According to LifeLock's Twitter account, on Friday, its website and phone lines were experiencing technical issues because of increased interest after the Equifax breach.
On Thursday, Equifax reported that from mid-May to July, cyberattackers had accessed names, Social Security numbers, birth dates, addresses, and some driver’s license numbers through a website vulnerability. The company also said credit card numbers for around 209,000 consumers had been accessed. As many as 143 million people may have been affected, according to Equifax CEO Rick Smith.
"This is clearly a disappointing event and one that strikes at the heart of who we are and what we do," Smith said in a video message. "I deeply regret this incident and I apologize to every affected consumer and all of our partners."
James Van Steenhuyse, executive director for a Phoenix branch of UBS, said the Equifax website, where you can check to see if your data may have been stolen, is your best bet. But knowledge can be small comfort: “It doesn’t do anything for you — it might actually raise the fear level a little bit knowing," Van Steenhuyse told Phoenix New Times.
(Incidentally, Van Steenhuyse and his assistant were both victims of the data breach.) Van Steenhuyse added that a proactive step, such as enrolling in a credit-monitoring and fraud-alert program such as LifeLock could help consumers.
In a statement posted to its website dedicated to the hack, Equifax said the company is “offering free identity theft protection and credit file monitoring to all U.S. consumers, even if you are not impacted by this incident.” The service, called TrustedID, is complimentary for one year.
Due to the recent major breach, our phone lines have been very busy. We are aware of the website problem and are working to resolve it.-DV— LifeLock (@LifeLock) September 8, 2017
Sounds good, right? Just don’t sign on the dotted line without reading the fine print: The TrustedID terms of service includes a line where consumers must waive their right to bring or participate in a class-action lawsuit against the company.
Arizona happens to have a corporate office of one the more-recognizable names in the identity-theft protection industry: LifeLock, based in Tempe. However, New Times has previously reported on the shady nature of these purported identity-theft companies; in particular, the misadventures of company co-founder Robert J. Maynard, Jr., whose origin story was called into question in a 2007 exposé.

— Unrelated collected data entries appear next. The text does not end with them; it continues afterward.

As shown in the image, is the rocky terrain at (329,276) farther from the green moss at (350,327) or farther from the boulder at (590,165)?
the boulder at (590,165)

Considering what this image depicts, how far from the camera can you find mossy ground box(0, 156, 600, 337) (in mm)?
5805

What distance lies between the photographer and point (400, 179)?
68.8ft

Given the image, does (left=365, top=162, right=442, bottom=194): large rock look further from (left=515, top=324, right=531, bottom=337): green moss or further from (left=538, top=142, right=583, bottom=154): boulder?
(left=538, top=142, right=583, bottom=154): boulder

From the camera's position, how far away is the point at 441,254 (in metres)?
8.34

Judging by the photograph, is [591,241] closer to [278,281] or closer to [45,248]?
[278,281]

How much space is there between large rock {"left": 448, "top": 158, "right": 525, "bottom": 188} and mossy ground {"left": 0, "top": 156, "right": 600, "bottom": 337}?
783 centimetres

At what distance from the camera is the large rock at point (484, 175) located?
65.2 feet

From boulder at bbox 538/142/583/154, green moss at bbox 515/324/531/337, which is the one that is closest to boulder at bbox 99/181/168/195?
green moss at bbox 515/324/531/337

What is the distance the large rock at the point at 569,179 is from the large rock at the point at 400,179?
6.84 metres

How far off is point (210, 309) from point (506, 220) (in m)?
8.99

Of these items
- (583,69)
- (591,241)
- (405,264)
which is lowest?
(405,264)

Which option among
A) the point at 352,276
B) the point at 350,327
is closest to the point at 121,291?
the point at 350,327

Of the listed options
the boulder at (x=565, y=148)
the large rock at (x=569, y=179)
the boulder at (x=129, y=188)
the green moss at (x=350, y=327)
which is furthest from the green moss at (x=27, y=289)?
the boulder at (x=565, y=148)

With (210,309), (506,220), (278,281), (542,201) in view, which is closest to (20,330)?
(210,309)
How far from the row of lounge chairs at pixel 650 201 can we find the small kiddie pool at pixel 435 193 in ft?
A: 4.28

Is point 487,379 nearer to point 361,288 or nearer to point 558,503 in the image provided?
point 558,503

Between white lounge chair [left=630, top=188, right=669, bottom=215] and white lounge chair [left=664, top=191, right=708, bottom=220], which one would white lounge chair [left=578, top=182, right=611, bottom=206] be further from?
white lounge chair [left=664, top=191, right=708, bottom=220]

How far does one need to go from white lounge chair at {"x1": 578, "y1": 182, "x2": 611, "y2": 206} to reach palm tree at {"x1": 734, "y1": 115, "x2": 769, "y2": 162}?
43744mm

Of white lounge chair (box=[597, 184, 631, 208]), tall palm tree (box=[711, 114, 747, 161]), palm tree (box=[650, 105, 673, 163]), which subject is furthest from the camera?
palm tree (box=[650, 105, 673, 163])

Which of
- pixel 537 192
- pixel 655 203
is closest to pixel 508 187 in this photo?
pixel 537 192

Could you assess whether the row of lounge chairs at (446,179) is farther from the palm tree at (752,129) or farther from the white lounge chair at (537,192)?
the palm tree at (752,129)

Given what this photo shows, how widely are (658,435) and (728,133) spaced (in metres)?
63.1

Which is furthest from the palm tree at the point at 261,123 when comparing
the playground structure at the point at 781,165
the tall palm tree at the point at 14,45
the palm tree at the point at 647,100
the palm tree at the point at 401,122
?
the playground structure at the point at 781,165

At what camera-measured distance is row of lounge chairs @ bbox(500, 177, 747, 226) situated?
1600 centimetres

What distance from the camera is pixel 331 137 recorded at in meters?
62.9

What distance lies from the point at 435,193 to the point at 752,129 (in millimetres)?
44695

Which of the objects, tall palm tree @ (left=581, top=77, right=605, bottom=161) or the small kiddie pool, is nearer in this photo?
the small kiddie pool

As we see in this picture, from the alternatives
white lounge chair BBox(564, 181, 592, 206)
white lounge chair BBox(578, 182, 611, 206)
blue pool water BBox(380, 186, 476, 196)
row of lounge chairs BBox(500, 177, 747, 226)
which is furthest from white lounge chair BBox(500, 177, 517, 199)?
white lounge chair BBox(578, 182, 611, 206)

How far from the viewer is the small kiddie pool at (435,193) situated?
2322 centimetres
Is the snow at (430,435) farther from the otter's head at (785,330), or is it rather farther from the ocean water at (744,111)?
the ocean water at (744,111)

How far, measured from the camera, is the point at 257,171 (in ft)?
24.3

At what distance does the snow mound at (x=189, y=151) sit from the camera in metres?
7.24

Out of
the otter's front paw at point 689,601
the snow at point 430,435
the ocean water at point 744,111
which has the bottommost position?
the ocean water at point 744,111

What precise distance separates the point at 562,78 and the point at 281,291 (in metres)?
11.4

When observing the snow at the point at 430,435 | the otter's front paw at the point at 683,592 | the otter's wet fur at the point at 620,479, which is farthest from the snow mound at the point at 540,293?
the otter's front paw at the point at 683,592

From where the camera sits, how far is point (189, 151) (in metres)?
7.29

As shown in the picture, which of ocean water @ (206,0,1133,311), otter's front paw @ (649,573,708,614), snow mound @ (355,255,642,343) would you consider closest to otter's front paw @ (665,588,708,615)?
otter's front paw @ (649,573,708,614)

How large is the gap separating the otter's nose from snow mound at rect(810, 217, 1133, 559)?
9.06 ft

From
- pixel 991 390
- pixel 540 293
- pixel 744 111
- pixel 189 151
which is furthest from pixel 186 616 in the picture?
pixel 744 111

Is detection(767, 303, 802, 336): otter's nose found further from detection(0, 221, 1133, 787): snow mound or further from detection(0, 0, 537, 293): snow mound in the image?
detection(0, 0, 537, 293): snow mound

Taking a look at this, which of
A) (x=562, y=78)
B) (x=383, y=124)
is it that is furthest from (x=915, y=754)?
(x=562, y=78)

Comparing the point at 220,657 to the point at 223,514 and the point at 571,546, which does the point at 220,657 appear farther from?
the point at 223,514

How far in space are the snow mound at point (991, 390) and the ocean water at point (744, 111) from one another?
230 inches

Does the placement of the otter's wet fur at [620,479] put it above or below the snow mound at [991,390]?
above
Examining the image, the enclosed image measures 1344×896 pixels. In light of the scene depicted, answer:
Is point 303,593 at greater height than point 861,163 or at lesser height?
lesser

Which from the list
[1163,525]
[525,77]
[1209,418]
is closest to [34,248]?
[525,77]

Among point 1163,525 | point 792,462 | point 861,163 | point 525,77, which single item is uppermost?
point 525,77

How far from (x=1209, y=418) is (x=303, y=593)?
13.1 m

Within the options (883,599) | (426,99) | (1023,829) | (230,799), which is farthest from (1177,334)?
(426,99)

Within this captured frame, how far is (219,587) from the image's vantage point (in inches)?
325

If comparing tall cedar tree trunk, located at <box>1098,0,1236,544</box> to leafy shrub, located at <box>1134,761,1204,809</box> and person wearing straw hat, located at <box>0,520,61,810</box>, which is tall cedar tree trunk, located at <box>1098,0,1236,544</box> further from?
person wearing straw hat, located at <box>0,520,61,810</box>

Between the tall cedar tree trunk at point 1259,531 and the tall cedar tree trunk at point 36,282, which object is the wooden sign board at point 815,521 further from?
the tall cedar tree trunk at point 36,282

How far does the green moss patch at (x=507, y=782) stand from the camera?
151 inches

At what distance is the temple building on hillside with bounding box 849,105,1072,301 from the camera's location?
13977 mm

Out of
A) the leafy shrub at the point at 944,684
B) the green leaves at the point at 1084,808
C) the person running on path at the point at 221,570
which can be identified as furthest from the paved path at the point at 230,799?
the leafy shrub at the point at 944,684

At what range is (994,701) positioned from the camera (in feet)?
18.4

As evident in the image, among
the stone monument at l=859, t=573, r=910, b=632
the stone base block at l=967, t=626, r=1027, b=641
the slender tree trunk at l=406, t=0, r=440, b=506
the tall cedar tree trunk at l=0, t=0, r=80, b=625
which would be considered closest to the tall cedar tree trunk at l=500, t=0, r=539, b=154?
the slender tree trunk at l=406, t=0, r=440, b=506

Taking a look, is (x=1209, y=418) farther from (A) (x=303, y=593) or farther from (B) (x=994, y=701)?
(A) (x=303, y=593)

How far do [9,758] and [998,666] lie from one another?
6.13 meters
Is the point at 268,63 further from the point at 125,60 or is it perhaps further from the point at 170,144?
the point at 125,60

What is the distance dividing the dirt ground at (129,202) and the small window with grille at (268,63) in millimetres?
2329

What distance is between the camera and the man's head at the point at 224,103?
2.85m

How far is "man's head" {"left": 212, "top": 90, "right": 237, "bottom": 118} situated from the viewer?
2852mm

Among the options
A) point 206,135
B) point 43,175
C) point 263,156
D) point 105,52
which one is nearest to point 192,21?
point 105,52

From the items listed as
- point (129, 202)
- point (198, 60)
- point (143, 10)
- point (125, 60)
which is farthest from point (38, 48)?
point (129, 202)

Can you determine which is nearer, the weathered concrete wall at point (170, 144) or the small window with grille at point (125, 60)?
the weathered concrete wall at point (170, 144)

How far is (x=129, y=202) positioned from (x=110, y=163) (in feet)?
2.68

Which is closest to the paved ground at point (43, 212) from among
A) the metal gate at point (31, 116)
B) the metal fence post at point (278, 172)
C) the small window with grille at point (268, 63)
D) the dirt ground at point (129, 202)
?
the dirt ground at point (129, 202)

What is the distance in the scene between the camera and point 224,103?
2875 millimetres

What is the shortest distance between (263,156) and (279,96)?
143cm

Around the same time, LifeLock spent millions on a campaign that plastered CEO Todd Davis' social security number on ads, a publicity stunt designed to showcase LifeLock's confidence in their data-protection methods.
When a call was placed to the LifeLock offices on Friday, an automated message told customers who are "calling regarding data security-related news stories recently making headlines” to stay on the line for more information — presumably, to sign up for their identity protection services, which start at $8.99 per month.
On Twitter, LifeLock's account was responding to users experiencing issues with their phone lines and website. "Due to the recent major breach, our phone lines have been very busy. We are aware of the website problem and are working to resolve it."
A request for comment to LifeLock's media department was not immediately returned. LifeLock was acquired by another cybersecurity firm, Symantec, in 2016.